Day 2 of the 2019 ILG National Conference in Milwaukee started with a favorite guest – EEOC Commissioner Victoria Lipnic.  Commissioner Lipnic last addressed the ILG National Conference in 2016, during which time, as she reminded attendees, she was likewise talking about pay data reporting, she had just created the Chief Data Officer role at EEOC and it was several months before the breakout of the #metoo movement.

With respect to the new EEO-1 Component 2 pay data reporting tool, or the “elephant in the room” as she called it, Commissioner Lipnic shared insights and history about the litigation, Court’s Order and how we got where we are today.

She expressed to conference-goers that

the goal is to have everyone comply by the end of September

to satisfy Judge Chutkan’s Order.  She additionally acknowledged that collection of the data is “not easy”; that having to go back to 2017 “is not in any way easy” but that is “what a federal judge has ordered.”  In Commissioner Lipnic’s opinion,

this is no way for public policy to be made.

From this, she offered a bit of advice of a lesson learned by the agency:

If you want your interests to be heard, you must intervene.

She went on to explain how the agency is going to “take a breath” and learn from what they get in the data – to undertake “an honest assessment”.  She desires a bipartisan and open process to learn about the utility and burden associated with the report, and encouraged participants to keep track of the burden associated with filing the required reports.  In her view,

balancing burden and utility is what good policy should be about.

Reflecting back how the agency dealt with issues in the past, she recounted “we took our time to think about it.”

During a subsequent conference session on the modernization of the EEOC, EEOC’s Chief Data Officer, Chris Haffer, answered a few questions about the Component 2 reporting, including whether there would be an “automatic extension” of the September 30th reporting period.  At this time, Dr.

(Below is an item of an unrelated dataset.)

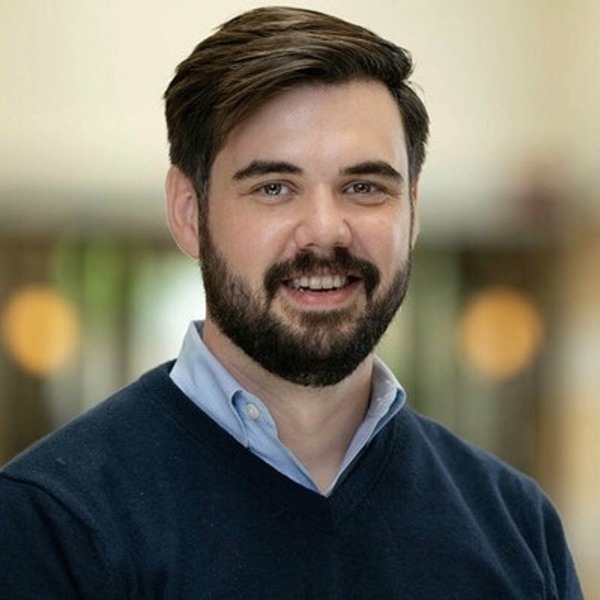 A smiling man with dark hair and beard wears a light blue shirt and navy V-neck sweater.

Haffer said there would be no automatic extension.  He also mentioned that “data clean up” would likely take until at least January 2020 after which the files would go to EEOC for analysis of data quality and utility.

Following her remarks on pay equity, Commissioner Lipnic turned to another of her favorite topics – age discrimination.  She pointed out that “millennials are just a few years away from being covered by the Age Discrimination Act.”  She also touched briefly on the fact of the 10 year anniversary of the ADA Amendments Act, which increased protections for individuals with disabilities.

As part of a generous Question and Answer session, Commissioner Lipnic answered a particularly simple, yet probing question:  As federal contractors, what do you want us to focus on?  Her response was equally as simple and thought-provoking.  She encouraged contractors to “lead the way in recruiting for populations you traditionally have not gone to before.”

Commissioner Lipnic concluded her remarks by reciting an inscription from the George Washington Masonic National Memorial:

 Let prejudices and local interest yield to reason. Let us look to our National character, and to things beyond the present period.